Records to process:
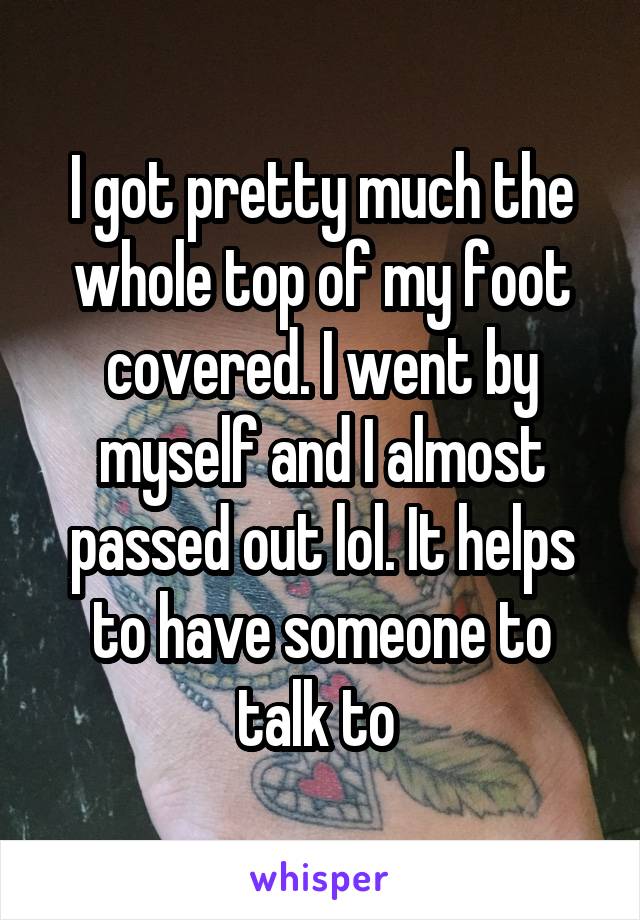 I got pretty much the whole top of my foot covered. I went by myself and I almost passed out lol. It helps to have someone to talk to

---

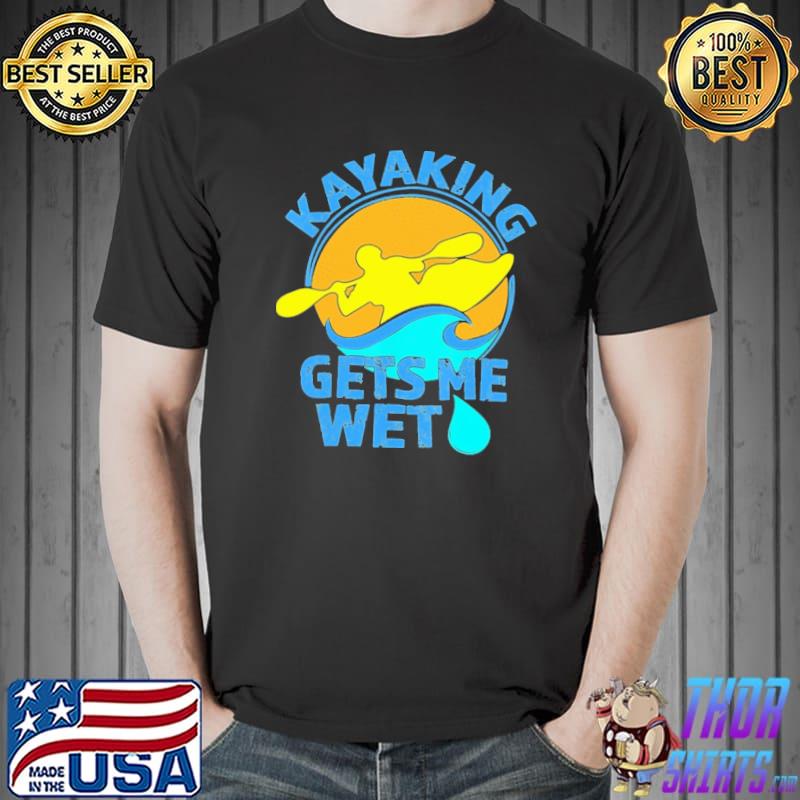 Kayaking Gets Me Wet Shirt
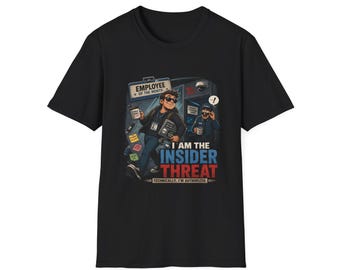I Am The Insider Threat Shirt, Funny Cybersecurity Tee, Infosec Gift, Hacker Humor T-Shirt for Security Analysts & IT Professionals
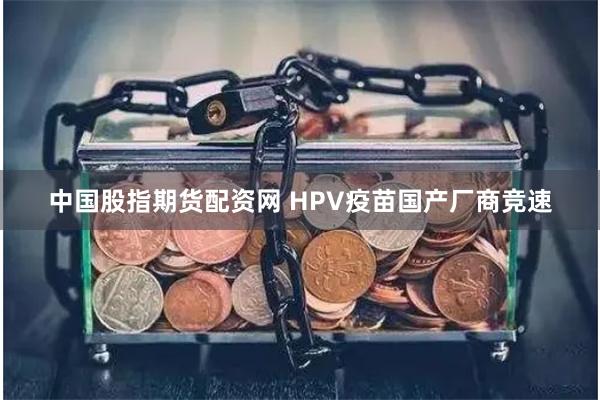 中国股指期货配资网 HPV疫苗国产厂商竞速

...

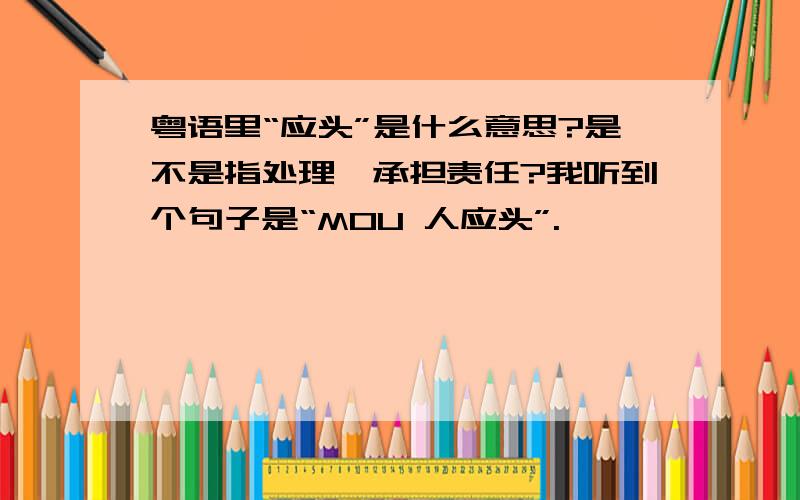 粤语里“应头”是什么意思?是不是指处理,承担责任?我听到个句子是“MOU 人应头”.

What is being asked: Going by the entries above, repeat exactly the lines that start at the line with "I Am The Insider" and go on through the line with "中国股指期货配资网 HPV疫苗国产厂商竞速". Pictures are not part of the copy.

Answer space:
I Am The Insider Threat Shirt, Funny Cybersecurity Tee, Infosec Gift, Hacker Humor T-Shirt for Security Analysts & IT Professionals
 中国股指期货配资网 HPV疫苗国产厂商竞速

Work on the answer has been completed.